Pourquoi est-ce un problème pour l’Ukraine. La moitié des centrales thermiques fonctionne avec de l’anthracite et l’autre moitié avec le charbon du gaz qui ne sont plus en mesure de se remplacer. Depuis 2014, l’Ukraine est en manque d’anthracite. Il n’y a que deux solutions pour combler ce manque: le faire venir du Donbass occupé ou l’importer depuis l’Afrique du Sud, l’Australie, les Etats-Unis, le Vietnam. Pour le moment, l’Ukraine n’a pas réussi à trouver à l’étranger du charbon dont le prix soit abordable. Le 13 février, les stocks ukrainiens contenaient 842 tonnes d’anthracite et 688 tonnes de charbon du gaz. Chaque jour, les centrales thermiques ukrainiennes consomment environ 30 000 tonnes de charbon. Si le blocus continue, les stocks seront épuisés en 30-40 jours.

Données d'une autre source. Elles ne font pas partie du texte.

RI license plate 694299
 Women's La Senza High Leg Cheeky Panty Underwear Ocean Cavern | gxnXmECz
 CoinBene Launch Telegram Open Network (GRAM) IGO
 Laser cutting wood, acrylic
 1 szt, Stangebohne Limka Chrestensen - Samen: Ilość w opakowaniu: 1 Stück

Les arguments du pouvoir sur la nécessité d’acheter du charbon dans les territoires occupés. Le pouvoir ukrainien estime qu’il faut absolument arrêter le blocus économique du Donbass, car la sécurité énergétique du pays se trouve menacée. L’Ukraine n’est pas en mesure d’assurer son chauffage et son électricité sans le charbon anthracite, qui est produit uniquement dans les zones non contrôlées. Le pouvoir déclare qu’acheter du charbon dans les entreprises enregistrées sur le territoire contrôlé ne signifie pas financer les séparatistes. Même si les mines se trouvent sur les territoires occupés, elles ont une adresse juridique en Ukraine, leurs impôts sont versés dans le budget ukrainien, les mineurs perçoivent leur salaire sur des comptes en hryvnias dans des banques ukrainiennes.

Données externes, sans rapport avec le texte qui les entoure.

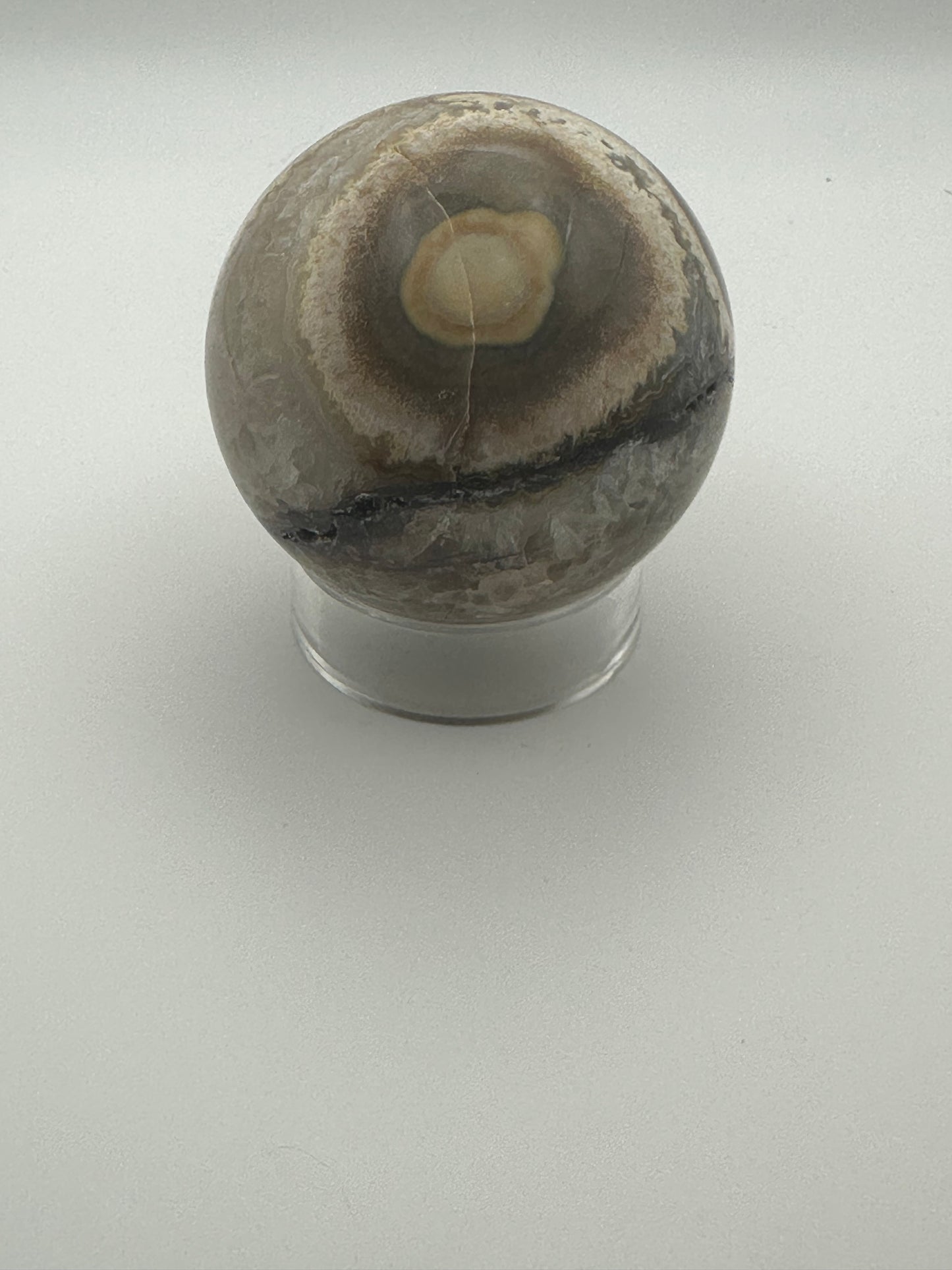 Large Mexican Crazy Lace Agate Sphere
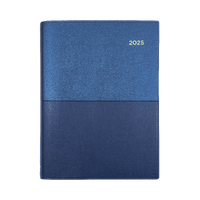 2025 Diary Collins Vanessa A5 Day to Page Blue 185.V59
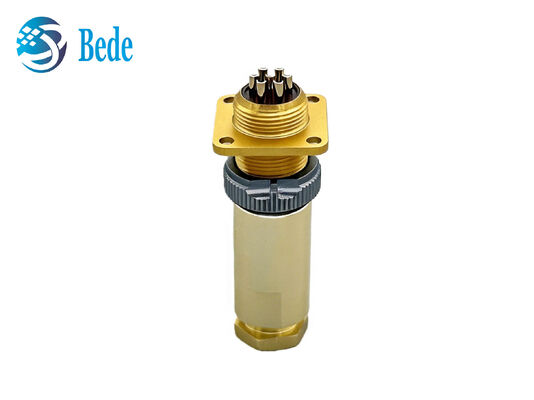 रूसी मानक पीसी श्रृंखला परिपत्र कनेक्टर 4-50 पिन IP68 जलरोधक विमानन प्लग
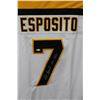 Image 1 : SIGNED PHIL ESPOSITO BOSTON BRUINS JERSEY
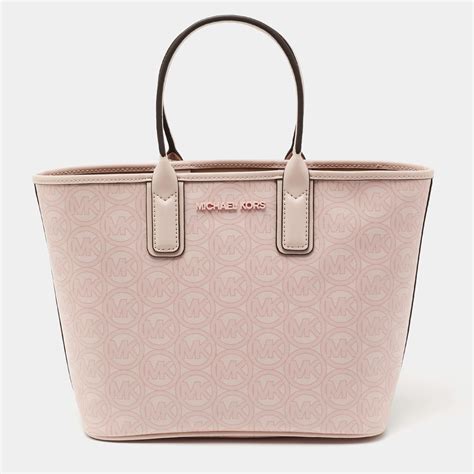 michael kors tote pale pink|michael kors pink canvas tote.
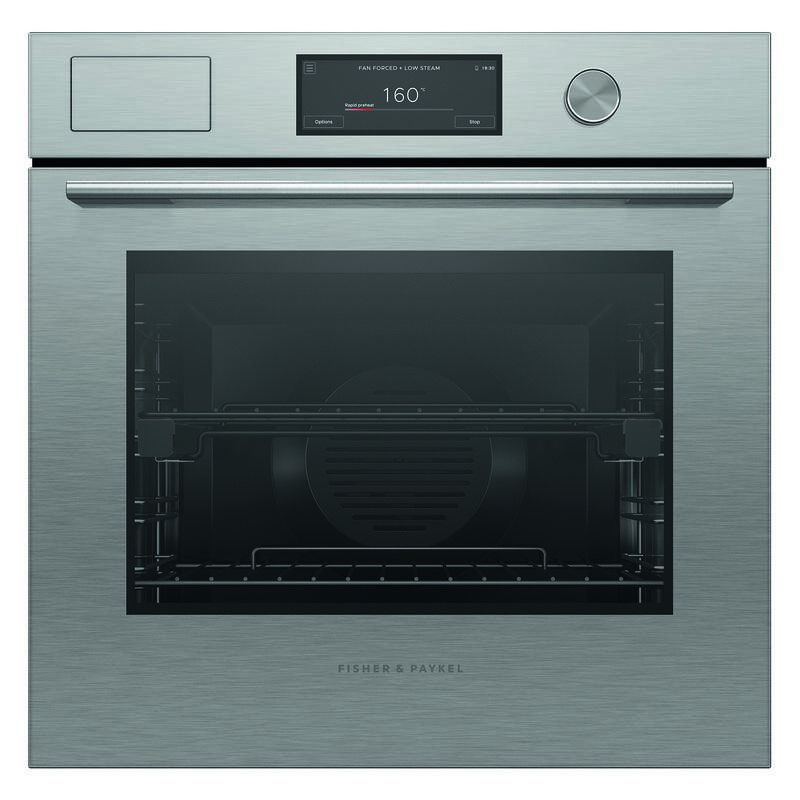 Fisher & Paykel 60cm Contemporary Combi-Steam Oven - Brushed Silver Glass (Series 9)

Ce que le pouvoir ne dit pas. Cette situation de blocus doit servir d’alarme pour le pouvoir, car elle démontre le danger qu’il y a à freiner la réforme énergétique. Depuis plus d’un an, les experts et la société civile exigent la transparence dans la fixation du prix de l’électricité et demandent le rapport sur la suppression progressive de l’utilisation de l’anthracite (le programme a été adopté en 2015). Car c’est selon ce programme que les Ukrainiens ont commencé à payer plus cher l’électricité, en effet une partie du charbon était censée être importée pour supprimer la dépendance au charbon provenant du Donbass. Le gouvernement devait aussi répondre aux accusations liées au scandale autour des achats de charbon et à celles concernant les énormes bénéfices réalisés par l’équipe présidentielle et les entreprises de l’oligarque Renat Achmetov. Le gouvernement n’a toujours pas répondu à ces accusations, cependant il essaie d’intimider les Ukrainiens en menaçant de couper l’électricité.

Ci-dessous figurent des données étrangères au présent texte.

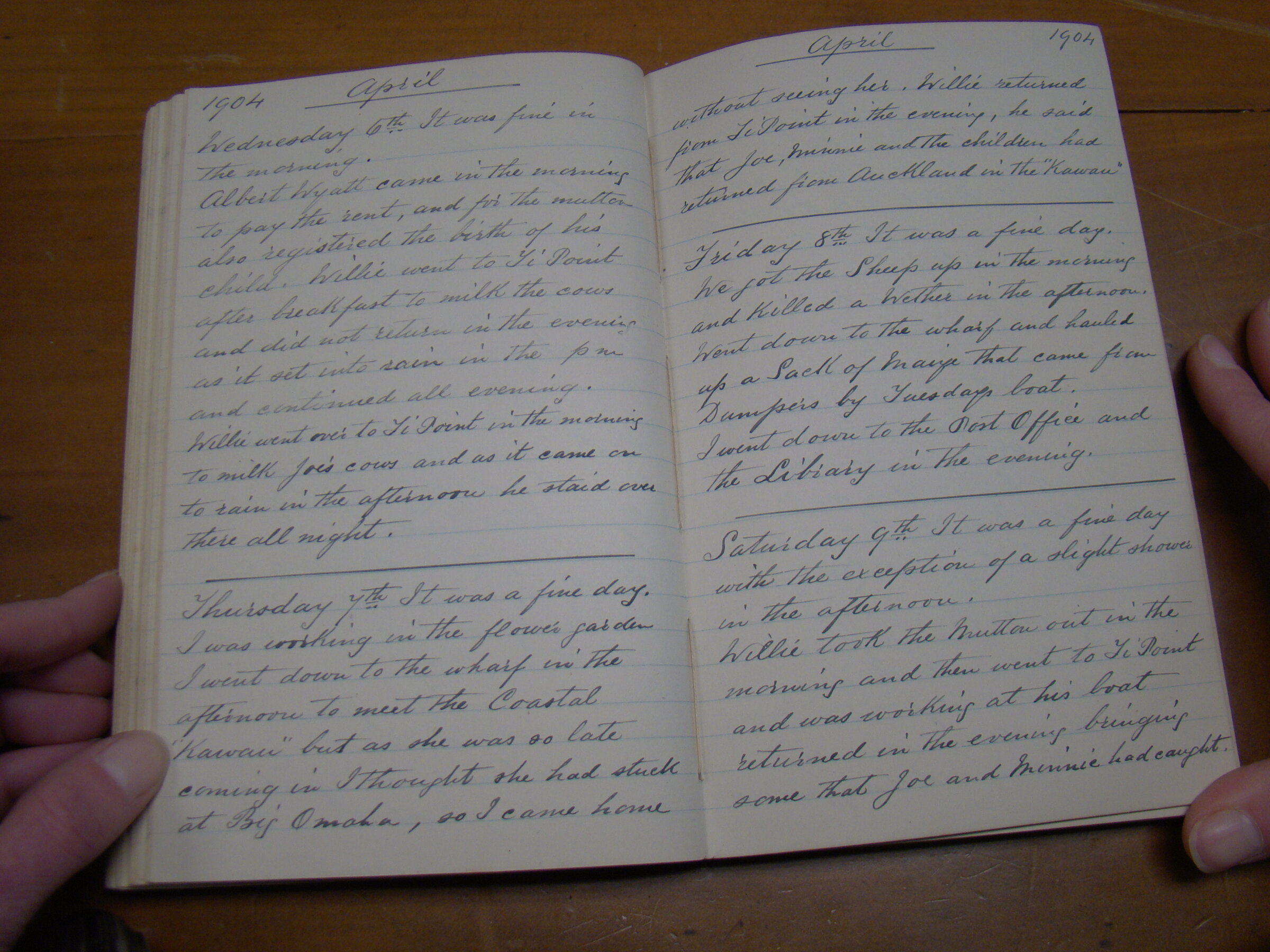 Original CS Clarke diary page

Le rôle d’Akhmetov. Environ 15% de l’énergie ukrainienne se produit sur les blocs du charbon anthracite. Cette partie de l’énergie ukrainienne dépend directement de la production du charbon anthracite dans le Donbass et des entreprises d’Akhmetov. En 2015, le gouvernement a décidé de reconvertir les blocs qui fonctionnaient avec de l’anthracite pour qu’ils puissent fonctionner avec du charbon de gaz. L’Ukraine avait besoin de 2-3 ans pour passer entièrement à la consommation du gaz du charbon, donc ces travaux auraient dû être terminés à l’été 2017. Cependant, l’État ne possède que 30% des centrales thermiques électriques, tandis que 70% appartiennent à l’entreprise de Rinat Akhmetov. Les experts estiment qu’Akhmetov a réussi à convaincre le gouvernement qu’il était capable d’assurer les besoins du pays en énergie et si pour cela il utilise le charbon des territoires occupés, c’est son affaire. C’est pour cette raison que les travaux de reconversion des blocs ont été arrêtés. Avec pour toile de fond l’augmentation des tarifs pour la population, que le pouvoir a expliqué par une diversification inexistante et le recours aux importations. L’entreprise d’Akhmetov conserve le monopole, engrange des bénéfices énormes et entretient la dépendance énergétique de l’Ukraine à l’égard des républiques séparatistes. L’oligarque refuse de rendre public les éléments permettant de calculer le coût du charbon, alors que certains experts supposent que l’anthracite du Donbass peut provenir de fosses illégales, et être même moins cher que le charbon des mines légales.